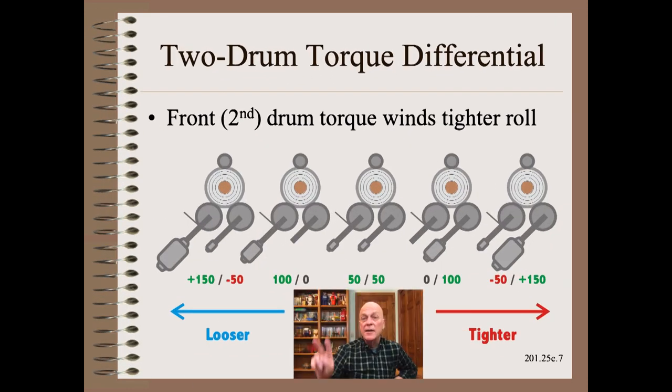It takes two motors to make torque differential. In the last slide we showed how to adjust tightness on a center surface wind by shifting power from one motor to another. There is no difference in principle with torque differential on a two-drum winder — as more torque is put into the front drum, the wound roll gets tighter and vice versa. Two-drum winder torque differential can be tapered just like any other tightness knob.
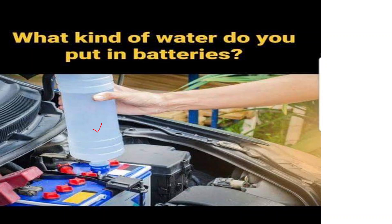Distilled water is purified through a process that removes impurities and contaminants, making it suitable for use in batteries. Using distilled water helps prevent mineral buildup and extends the lifespan of the battery by reducing the risk of short circuits.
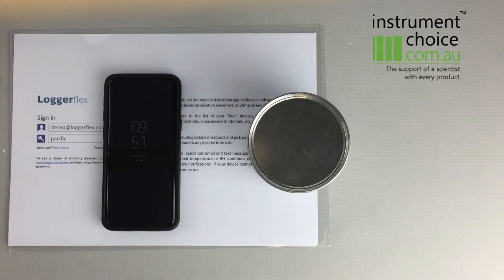Hi guys, today we're going to take a look over the Logger Flex IC Bun, which is a newly released temperature humidity logger to our range. It offers a 25-year battery life and also uploads via Wi-Fi to a cloud service that's actually free to use, which is a cool little feature.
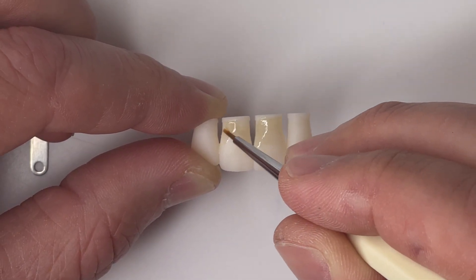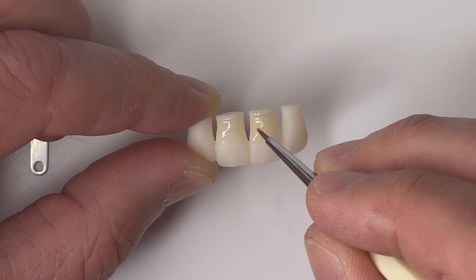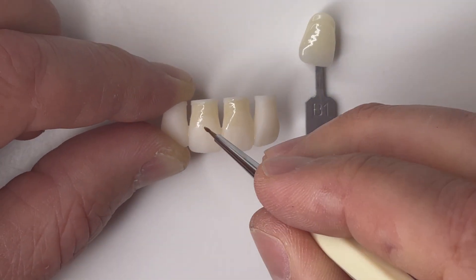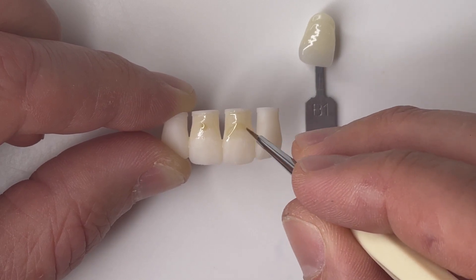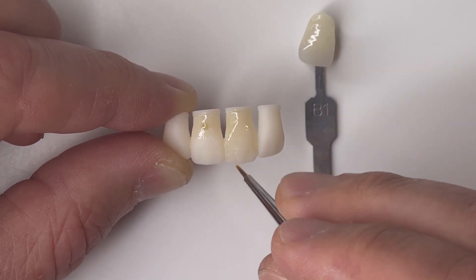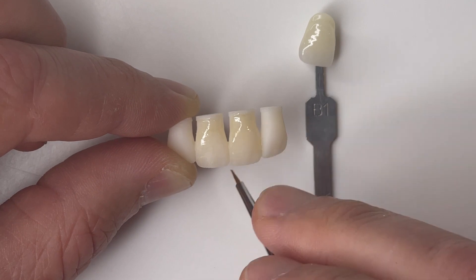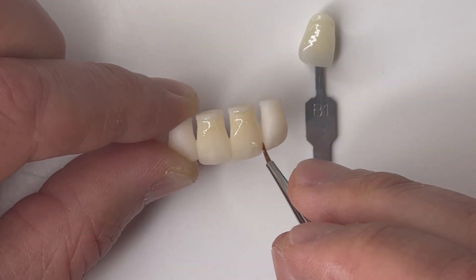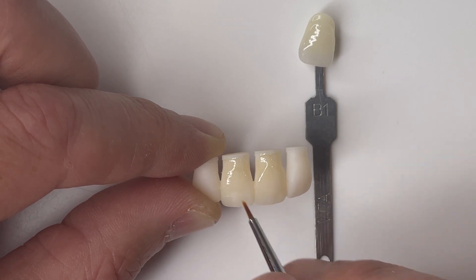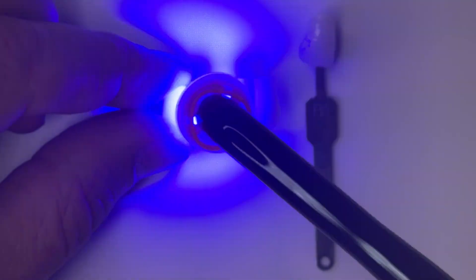Starting on that cervical and with each layer progressing little by little towards the incisal edge, curing each time to make sure we set those layers. The cure speeds are sped up so I'm not boring you watching these restorations get cured. Always putting my stain on the tooth in the cervical and then dragging it towards the incisal — that way if you get a little bit of pooling, it's in an area where you want the most chroma anyway. If you really study anteriors, you know they have a decent amount of chroma up into the middle third of the tooth.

==============================

● TASK GOAL
Restate the data above verbatim, skipping every image.

● ANSWER FOR THE TASK
It takes two motors to make torque differential. In the last slide we showed how to adjust tightness on a center surface wind by shifting power from one motor to another. There is no difference in principle with torque differential on a two-drum winder — as more torque is put into the front drum, the wound roll gets tighter and vice versa. Two-drum winder torque differential can be tapered just like any other tightness knob.
Distilled water is purified through a process that removes impurities and contaminants, making it suitable for use in batteries. Using distilled water helps prevent mineral buildup and extends the lifespan of the battery by reducing the risk of short circuits.
Hi guys, today we're going to take a look over the Logger Flex IC Bun, which is a newly released temperature humidity logger to our range. It offers a 25-year battery life and also uploads via Wi-Fi to a cloud service that's actually free to use, which is a cool little feature.
Starting on that cervical and with each layer progressing little by little towards the incisal edge, curing each time to make sure we set those layers. The cure speeds are sped up so I'm not boring you watching these restorations get cured. Always putting my stain on the tooth in the cervical and then dragging it towards the incisal — that way if you get a little bit of pooling, it's in an area where you want the most chroma anyway. If you really study anteriors, you know they have a decent amount of chroma up into the middle third of the tooth.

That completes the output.